Justice Access – The Magistrates’ Registry is the latest database created by the AIS organization promoting open data for Albania.

The Data Mining Magistrate’s Register is designed to increase access and public trust in the Critical Reform in the Judicial System.

At the invitation of the National Democratic Institute NDI Montenegro, this Civil Society Initiative for Improving Access, Control, and Public Trust in Justice was presented on December 8 at an International Learning Event focusing on the exchange of knowledge and experiences regarding the Open Government Partnership (OGP).

Project Director Aranita Brahaj explained how AIS has contributed by creating this essential instrument to improve public access, control, and trust in the Justice Reform and Justice Institutions, probing into the integrity of Magistrates after the Reform.

The Magistrates’ Registry involves creating a Passport with data and documents for each judge, prosecutor and justice official.

The information provides public access to familiarize themselves with the profile, integrity, career, performance, and aspects of professionalism, ensuring control over the integrity of the Magistrates.

Similarly, profiles have been established for the new institutions of justice, where the catalogue displays all decisions and documents related to the institution and decision-making.

Every day, citizens click on the Passports of judges and prosecutors investigating corrupt affairs of high-ranking officials already under accusation.

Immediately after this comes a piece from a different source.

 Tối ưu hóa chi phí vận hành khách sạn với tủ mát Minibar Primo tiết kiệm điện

Beneficiaries of Enhanced Access to Magistrates’ and Justice Institutions’ Data and Documents include media representatives, justice system employees, academics, organizations, and the general public.

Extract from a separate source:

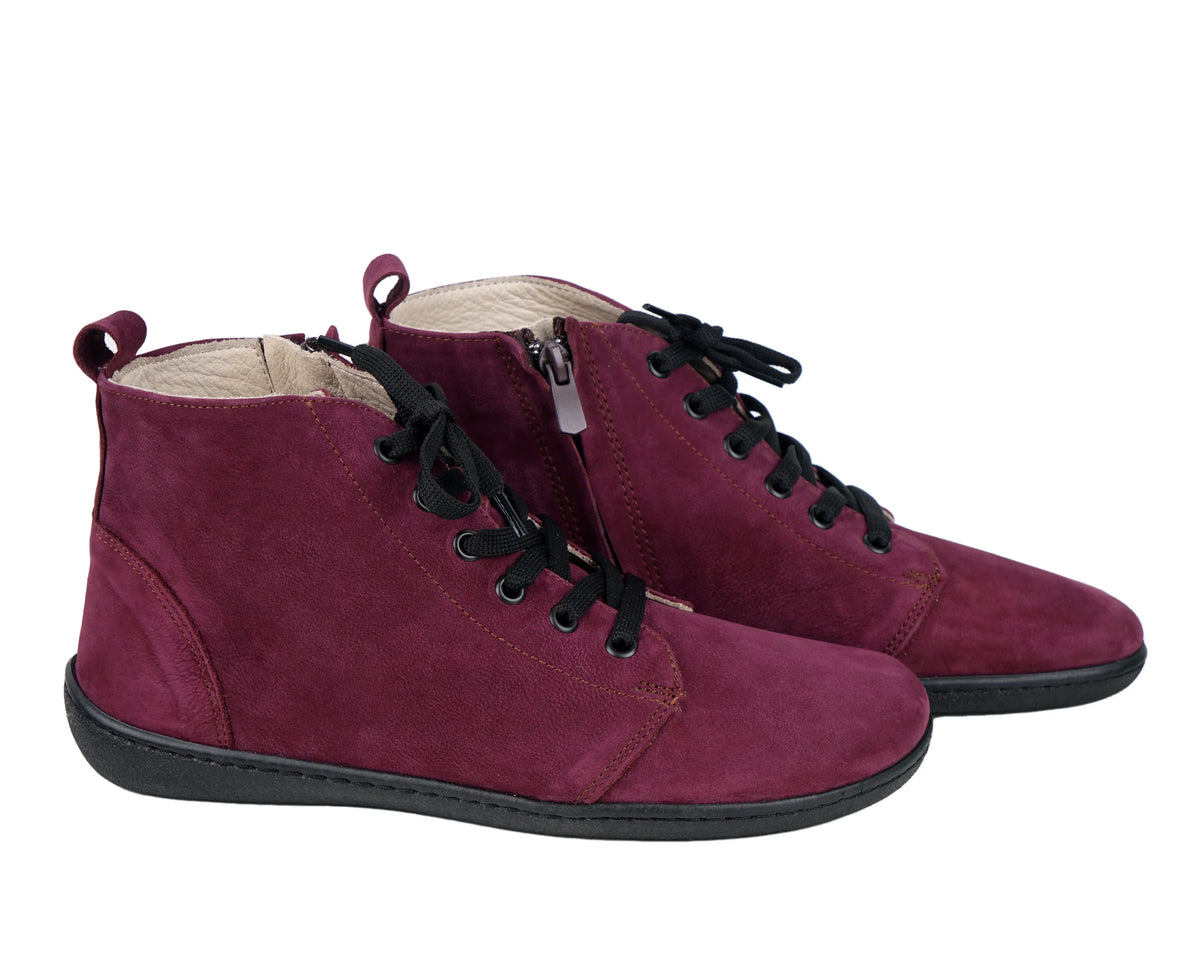 Nubuck Barefoot Laces Short Boots Shoes – 6mm Rubber Sole – Burgundy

As part of the activities of this project, AIS has prepared a Policy Paper on Legal Regulations and Practices that the new institutions of justice have established regarding access. This policy document reviews current practices and provides conclusions and recommendations for the future.

The Magistrates’ Registry is an activity of the project with the financial support of the Commission for Democracy’s Small Grants Program in the US Embassy in Tirana. The opinions, findings, conclusions, and recommendations expressed are those of the authors and do not necessarily reflect those of the State Department.